▶ What is required
Only one portion of the data is to be written out: from the line bearing "Local 💰600 2025" through the line bearing "Abraham Lincoln conducts flight operations". Write it exactly as it appears.

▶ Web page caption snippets

+===+

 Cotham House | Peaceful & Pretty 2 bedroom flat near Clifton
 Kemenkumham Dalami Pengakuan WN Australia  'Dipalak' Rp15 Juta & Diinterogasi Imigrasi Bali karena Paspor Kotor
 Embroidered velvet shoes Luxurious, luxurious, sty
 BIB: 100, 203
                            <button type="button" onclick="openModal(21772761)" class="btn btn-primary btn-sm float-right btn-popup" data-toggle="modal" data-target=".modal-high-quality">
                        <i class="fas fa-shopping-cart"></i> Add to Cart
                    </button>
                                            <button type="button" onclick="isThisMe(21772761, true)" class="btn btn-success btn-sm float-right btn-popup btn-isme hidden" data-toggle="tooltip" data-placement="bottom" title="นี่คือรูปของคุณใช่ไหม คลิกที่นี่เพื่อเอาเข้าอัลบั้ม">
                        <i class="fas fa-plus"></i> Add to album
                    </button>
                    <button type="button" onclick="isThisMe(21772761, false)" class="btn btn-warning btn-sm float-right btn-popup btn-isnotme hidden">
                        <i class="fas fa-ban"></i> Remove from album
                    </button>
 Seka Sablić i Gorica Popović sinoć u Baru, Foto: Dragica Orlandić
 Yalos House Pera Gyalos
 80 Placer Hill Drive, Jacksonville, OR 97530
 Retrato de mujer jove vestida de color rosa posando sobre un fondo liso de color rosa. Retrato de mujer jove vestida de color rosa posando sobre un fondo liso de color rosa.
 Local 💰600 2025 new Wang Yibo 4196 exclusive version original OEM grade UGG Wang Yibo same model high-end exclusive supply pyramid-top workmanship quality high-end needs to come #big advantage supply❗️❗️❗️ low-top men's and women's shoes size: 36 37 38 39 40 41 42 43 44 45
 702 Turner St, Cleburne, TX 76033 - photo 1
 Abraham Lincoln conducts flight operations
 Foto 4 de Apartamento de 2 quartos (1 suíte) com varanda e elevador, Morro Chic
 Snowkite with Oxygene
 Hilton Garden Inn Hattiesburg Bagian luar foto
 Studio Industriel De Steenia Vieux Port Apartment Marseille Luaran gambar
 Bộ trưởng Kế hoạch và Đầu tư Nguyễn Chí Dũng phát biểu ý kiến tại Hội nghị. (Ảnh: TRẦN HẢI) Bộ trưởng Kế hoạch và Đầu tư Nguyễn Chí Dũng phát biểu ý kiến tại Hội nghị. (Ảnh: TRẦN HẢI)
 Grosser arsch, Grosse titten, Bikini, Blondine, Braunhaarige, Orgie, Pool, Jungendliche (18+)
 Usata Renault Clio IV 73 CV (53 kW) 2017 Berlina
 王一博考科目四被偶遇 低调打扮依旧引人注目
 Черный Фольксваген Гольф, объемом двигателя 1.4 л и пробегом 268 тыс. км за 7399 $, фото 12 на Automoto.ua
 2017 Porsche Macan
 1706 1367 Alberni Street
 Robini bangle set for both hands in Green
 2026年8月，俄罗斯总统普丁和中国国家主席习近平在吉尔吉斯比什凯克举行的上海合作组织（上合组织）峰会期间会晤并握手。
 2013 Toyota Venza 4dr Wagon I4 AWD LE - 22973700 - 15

+===+

▶ Result
 Local 💰600 2025 new Wang Yibo 4196 exclusive version original OEM grade UGG Wang Yibo same model high-end exclusive supply pyramid-top workmanship quality high-end needs to come #big advantage supply❗️❗️❗️ low-top men's and women's shoes size: 36 37 38 39 40 41 42 43 44 45
 702 Turner St, Cleburne, TX 76033 - photo 1
 Abraham Lincoln conducts flight operations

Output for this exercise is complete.